Non poteva trattarsi neppure di un qualche emulatore di quel miracolo umano chiamato Django, visto che l’accostamento sarebbe stato un tantinello macabro e magari anche di cattivo gusto (si, ci ho pensato! È che purtroppo, una volta, una scemenza simile mi è capitata sul serio!).
Alla fine Rinuncia all’eredità è risultato un lavoro molto particolare, difficilmente accostabile a qualcosa, ricco di influenze che vanno da una sorta di post-punk-grunge a pennellate Lou Reediane. Inoltre il fatto che l’autore del disco abbia arrangiato e registrato da solo tutti gli strumenti ad eccezione della batteria è sicuramente degno di nota.

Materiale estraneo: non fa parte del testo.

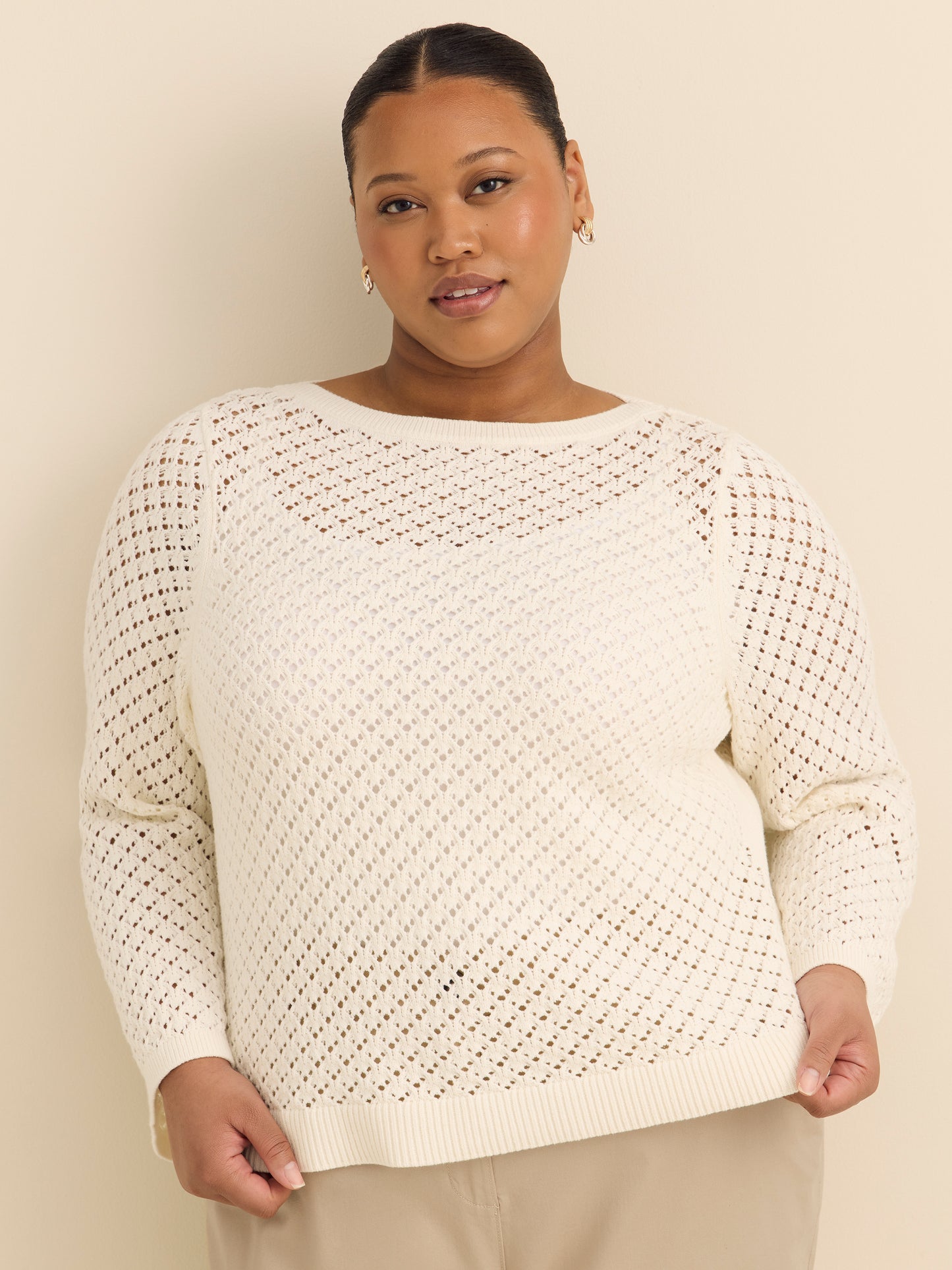 Long Bell Sleeve Sweater with Boat Neck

La chitarra, come accennato poc’anzi, ha un ruolo sicuramente determinante, ma non invasivo: durante lo scorrimento dell’album si va da riff forti e distorti ad atmosfere più acustiche ed intime; il lavoro sulle liriche rivela la natura di concept: un’ indagine musicale su un rapporto padre-figlio.

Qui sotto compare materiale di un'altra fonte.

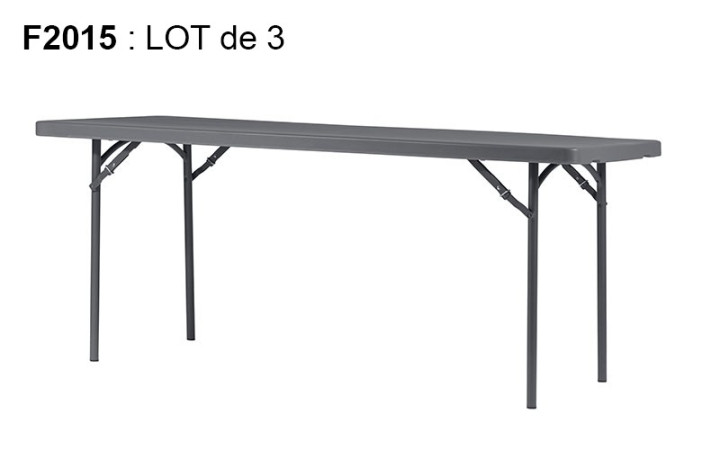 LOT DE 3 TABLES POLYETHYLENE RECTANGULAIRE 1830 X 760 MM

L’iniziale Ingresso ha diversi cambi, forse un po’ troppa carne a cuocere, ma risulta, nel complesso, piuttosto scorrevole: si capisce, da qui e dalla succesiva P che l’autore ha puntato molto su atmosfere ricche di ansia e di crescendo strumentali che sfociano, inesorabilmente, in dinamici ed esplosivi finali. L’impressione conferma il suo fondamento dopo l’ascolto di Riproduzione.
Con Rinuncio all’eredità si inizia, almeno dapprincipio, a respirare: introdotta da un bell’ arpeggio acustico mostra, in un momento azzeccato, un lato diverso dell’autore. Anche Fuga prosegue un po’ questo discorso con dei bei colori chitarristici; sembra che 3FG stia iniziando a divertirsi un po’ di più col suo strumento.

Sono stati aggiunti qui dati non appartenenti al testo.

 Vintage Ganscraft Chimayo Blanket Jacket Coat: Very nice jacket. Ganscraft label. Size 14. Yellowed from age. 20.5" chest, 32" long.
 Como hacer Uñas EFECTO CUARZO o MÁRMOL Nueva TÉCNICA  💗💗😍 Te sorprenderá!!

Secondo il parere di chi scrive, il pezzo migliore del disco è L’unica via, aperto da una bella atmosfera noir e non privo di un assolo di chitarra (un po’ Pink Floydiano?) piuttosto intenso. La successiva Fine è invece un pezzo meno riflessivo di quello precedente, ma, comunque, dotato di buon pathos.
Nel complesso, Rinuncio all’eredità è un disco orchestrato ed arrangiato piuttosto bene; il lavoro svolto sull’espressività delle parti strumentali è stato efficace e riuscito.
L’unica critica che mi sento di dover fare a questo disco riguarda le parti vocali: l’idea di base di dare a queste un ruolo più interpretativo che canoro non è una pensata di per sé sbagliata, ma il disequilibrio, secondo me, è troppo: la voce spesso e volentieri è enfatica in una maniera forzata e poco naturale che la rende, a tratti, abbastanza fastidiosa; inoltre questa carica espressiva risulta, in alcuni momenti, ingombrante a danno dell’intonazione e, qualche volta, delle metriche (passi la prima, visto il genere).
Forse questo problema poteva essere risolto mettendo le tracce vocali un po’ meno “fuori” rispetto a come suonano: date le atmosfere proposte sarebbe stato meglio impastarle un po’ di più nell’amalgama, rendendole meno protagoniste. In ogni caso ci tengo a precisare che quelle riportate sono impressioni assolutamente soggettive, ovviamente condivisibili o non.